Этот исторический персонаж приходится вспомнить потому, что эмигрантским кураторам не мог не понравиться выбранный Поленовым эфирный псевдоним: Валерий Шульгин.

Но дебютант не мудрствовал лукаво. Просто назвался фамилией товарища по ВМФ.

Бахрах, бывший литературный секретарь Нобелевского лауреата, отбывал последние годы на «Свободе», мечтая о возвращении с американской пенсией в Париж. Руководством он себя не утруждал. Изредка показываясь из-за развернутой перед собой «Фигаро», он все передоверял своему заместителю: «Паша, займитесь…»

Пол рад был обязать.

С высоты своей должности Пол Нигерийский смотрел на своих подопечных благодушно, как на детей, но сами «дети» сознавали возрастную дистанцию, их разделявшую: Летиции за 30, а Нику всего лишь 23.

Несмотря на «грязного мужлана», Летиция привыкла к своему чифу, к новому, взрослому балансу насилия и заботы, что она и полагала любовью. Когда Пол предпринял первые шаги по самоизъятию из своего служебного романа, Летиция ответила истерикой. Это потом она будет гвоздить его за манкирование личной гигиеной, за quickies на столах и проч.: тогда же он себе просто не представляла, как без Пола жить.

Наблюдательный Ник все больше входил в положение чи-фа, он «читал» его так же, как чиф читал «его», а за бутылкой эти взаимопроникновения достигали такого симбиоза, какой не снился никакому «сыну» по отношению к «отцу». Поэтому версия о том, что Пол передал Летицию своей правой руке в обмен на карьерные услуги, представляется слишком упрощенной. Но, в каком-то смысле, они, конечно, ударили по рукам. Не думаю, что при этом они заручались согласием или просто ставили в курс Летицию. Скорее всего, она ничего не подозревала, и потом: не мальчики ей нравились, пусть и мужественной челюстью, а именно мужланы — пусть и грязные. Каброны. Прожженные мужики.

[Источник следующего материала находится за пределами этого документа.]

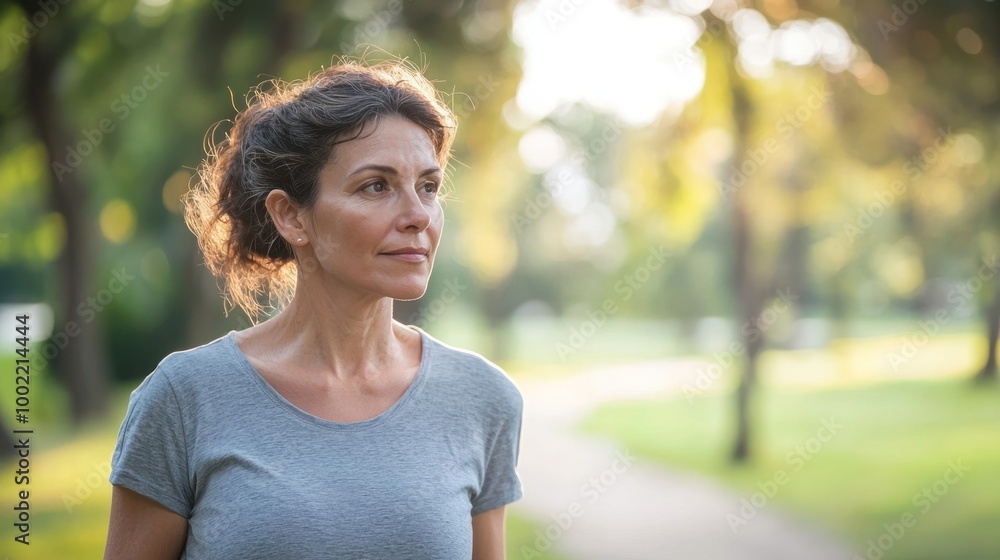 A woman is seen walking in a park, regaining her strength after an extended illness, with a determined expression. A woman is seen walking in a park, regaining her strength after an extended illness, with a determined expression.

Тогда как от Ника еще пахло молоком.

С другой стороны, Ник рос, и можно было предвидеть, что заветное назначение заместителем — deputy — только вопрос времени.

А потом произошло то, чего Летиция не могла предвидеть. После того, как «факт» состоялся, поняла: без Ника она не сможет. Клин клином вышибают. И это произошло не только в примитивно-животном смысле. За одну ночь, пусть и ночь нон-стоп, Поленов заполнил все внутреннее ее пространство так, что бывший любовник мгновенно отпал, стал совершенно посторонним человеком. Как будто ничего с ним не было. Вот теперь его посягательства «по старой памяти» стали чистым насилием, которое простить она не могла.

Этого Пол не мог понять. То, что верный собутыльник стал партнером и в этом деле, имело для него двоякое последствие: Ник стал родней, а Зойка желанней.

— Теперь мы с тобой сопиздники, — говорил он Нику. — Породнились, можно сказать…

Пол так себя и чувствовал. Снохачем. Оба искали и любили друг в друге русскость. Но есть ли более русское чувство, чем это? Так жарко все сплетающее воедино.

— Но это, батя, тост? — поднимал стакан свой Ник.

Несмотря на диковатый (от wild) характер секса, во всем прочем Летиция и Пол, родившиеся по эту сторону железного занавеса, были цивилизованными людьми с опытом разных стран, со знанием языков и культур. Мальчик из Москвы, пусть из «культурной», как он говорил, семьи, но в этом уступал. Свою роль в этих новых отношениях, где она была на семь лет старше, Летиция понимала, как просветительскую. Свободно говорящая на четырех языках, стала его гидом по Западной Европе (минус Франция). Он выглядел, как младший брат, хиппующий по примеру заокеанских ровесников — длинные волосы, расклешенные от колена джинсы. Трудно было поверить, что это штатный сотрудник Liberty, который не знает, на что тратить дойчемарки, ежемесячно переводимые ему на счет. Но такими они были — молодыми и более чем обеспеченными. Ходили в кино. Путешествовали…

— Скажи, — перебил я, внимая этой красивой версии. — Вы с ним смотрели «Искатели приключений»? Делон там играл… Вентура…

— Лино? Ну, конечно…

При этом Летиция не помнила, что героиню звали ее собственным именем, чего я забыть не мог, будучи фантомно в нее влюблен в Москве конца 6о-х: в авангардную скульпторшу по металлу, сыгранную Джоанной Шимкус, впоследствии голливудской супругой Сиднея Пуатье.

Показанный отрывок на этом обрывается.